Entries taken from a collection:
++++++++

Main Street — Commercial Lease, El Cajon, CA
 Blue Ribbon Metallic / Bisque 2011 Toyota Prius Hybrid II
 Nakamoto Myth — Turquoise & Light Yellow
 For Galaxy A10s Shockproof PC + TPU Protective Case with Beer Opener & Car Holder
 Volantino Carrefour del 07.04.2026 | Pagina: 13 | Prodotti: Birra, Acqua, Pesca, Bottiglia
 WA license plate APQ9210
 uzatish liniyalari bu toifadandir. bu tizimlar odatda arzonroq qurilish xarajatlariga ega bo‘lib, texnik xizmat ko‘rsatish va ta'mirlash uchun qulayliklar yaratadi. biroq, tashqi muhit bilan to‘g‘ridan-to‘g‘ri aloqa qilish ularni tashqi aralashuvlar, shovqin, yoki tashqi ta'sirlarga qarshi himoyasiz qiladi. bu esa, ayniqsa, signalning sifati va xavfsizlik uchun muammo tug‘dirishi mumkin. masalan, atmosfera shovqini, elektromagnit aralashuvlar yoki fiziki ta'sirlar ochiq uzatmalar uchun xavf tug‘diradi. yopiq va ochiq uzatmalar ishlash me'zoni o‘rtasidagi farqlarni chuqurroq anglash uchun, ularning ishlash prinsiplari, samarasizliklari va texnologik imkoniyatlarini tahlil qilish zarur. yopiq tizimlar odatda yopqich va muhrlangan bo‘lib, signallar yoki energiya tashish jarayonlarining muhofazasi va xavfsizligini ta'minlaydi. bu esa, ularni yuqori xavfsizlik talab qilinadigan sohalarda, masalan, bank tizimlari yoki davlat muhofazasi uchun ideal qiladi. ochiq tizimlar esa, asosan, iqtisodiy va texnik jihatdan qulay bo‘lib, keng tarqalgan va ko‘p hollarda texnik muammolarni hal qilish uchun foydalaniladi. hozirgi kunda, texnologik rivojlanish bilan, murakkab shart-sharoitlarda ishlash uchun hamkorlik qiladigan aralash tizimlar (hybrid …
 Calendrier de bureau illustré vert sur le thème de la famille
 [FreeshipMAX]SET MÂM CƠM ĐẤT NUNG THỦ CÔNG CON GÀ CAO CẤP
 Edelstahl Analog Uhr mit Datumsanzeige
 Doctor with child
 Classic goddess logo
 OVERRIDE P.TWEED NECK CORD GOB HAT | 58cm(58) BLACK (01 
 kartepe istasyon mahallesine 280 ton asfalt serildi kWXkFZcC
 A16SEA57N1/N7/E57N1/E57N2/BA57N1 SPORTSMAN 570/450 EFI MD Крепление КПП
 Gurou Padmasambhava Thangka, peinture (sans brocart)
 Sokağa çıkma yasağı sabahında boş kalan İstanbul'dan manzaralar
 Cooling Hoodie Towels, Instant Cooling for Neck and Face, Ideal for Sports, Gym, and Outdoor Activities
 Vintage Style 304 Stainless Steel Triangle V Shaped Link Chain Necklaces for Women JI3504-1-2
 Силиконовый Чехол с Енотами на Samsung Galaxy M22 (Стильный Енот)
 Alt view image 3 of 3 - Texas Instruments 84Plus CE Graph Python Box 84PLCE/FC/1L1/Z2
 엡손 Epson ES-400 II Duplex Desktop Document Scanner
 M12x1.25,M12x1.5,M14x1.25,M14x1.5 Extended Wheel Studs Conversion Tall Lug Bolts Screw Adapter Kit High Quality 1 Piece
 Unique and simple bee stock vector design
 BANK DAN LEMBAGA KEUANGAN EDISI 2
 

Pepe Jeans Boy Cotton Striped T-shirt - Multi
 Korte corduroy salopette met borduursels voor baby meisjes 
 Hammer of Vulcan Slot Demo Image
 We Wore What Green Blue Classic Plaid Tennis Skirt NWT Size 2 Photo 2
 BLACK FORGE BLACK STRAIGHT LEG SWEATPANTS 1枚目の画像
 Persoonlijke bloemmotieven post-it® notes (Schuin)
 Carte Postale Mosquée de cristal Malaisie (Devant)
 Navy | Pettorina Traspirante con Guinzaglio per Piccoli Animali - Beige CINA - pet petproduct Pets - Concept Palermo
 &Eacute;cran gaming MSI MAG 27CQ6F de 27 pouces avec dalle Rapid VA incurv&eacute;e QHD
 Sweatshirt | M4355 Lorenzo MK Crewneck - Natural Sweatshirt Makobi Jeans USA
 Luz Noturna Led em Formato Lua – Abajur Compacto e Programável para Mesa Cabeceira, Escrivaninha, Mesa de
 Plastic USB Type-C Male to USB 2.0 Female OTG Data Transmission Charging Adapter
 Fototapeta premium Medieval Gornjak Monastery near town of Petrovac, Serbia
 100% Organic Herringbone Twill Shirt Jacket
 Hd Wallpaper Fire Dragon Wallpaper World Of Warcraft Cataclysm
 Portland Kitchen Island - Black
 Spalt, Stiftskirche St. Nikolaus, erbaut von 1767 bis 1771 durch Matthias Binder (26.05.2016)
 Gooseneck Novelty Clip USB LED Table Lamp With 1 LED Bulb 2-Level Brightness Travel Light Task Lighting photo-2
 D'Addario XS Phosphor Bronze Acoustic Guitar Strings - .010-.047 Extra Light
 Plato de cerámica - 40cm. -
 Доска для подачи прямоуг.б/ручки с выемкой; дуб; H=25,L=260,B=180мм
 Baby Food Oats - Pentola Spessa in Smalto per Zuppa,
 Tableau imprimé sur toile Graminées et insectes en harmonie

++++++++

[YOUR OBJECTIVE]
Within the data above, the lines from the one with "Edelstahl Analog Uhr mit Datumsanzeige" to the one with "A16SEA57N1/N7/E57N1/E57N2/BA57N1 SPORTSMAN 570/450" must be repeated exactly; no other line belongs in the answer.

[YOUR SOLUTION]
 Edelstahl Analog Uhr mit Datumsanzeige
 Doctor with child
 Classic goddess logo
 OVERRIDE P.TWEED NECK CORD GOB HAT | 58cm(58) BLACK (01 
 kartepe istasyon mahallesine 280 ton asfalt serildi kWXkFZcC
 A16SEA57N1/N7/E57N1/E57N2/BA57N1 SPORTSMAN 570/450 EFI MD Крепление КПП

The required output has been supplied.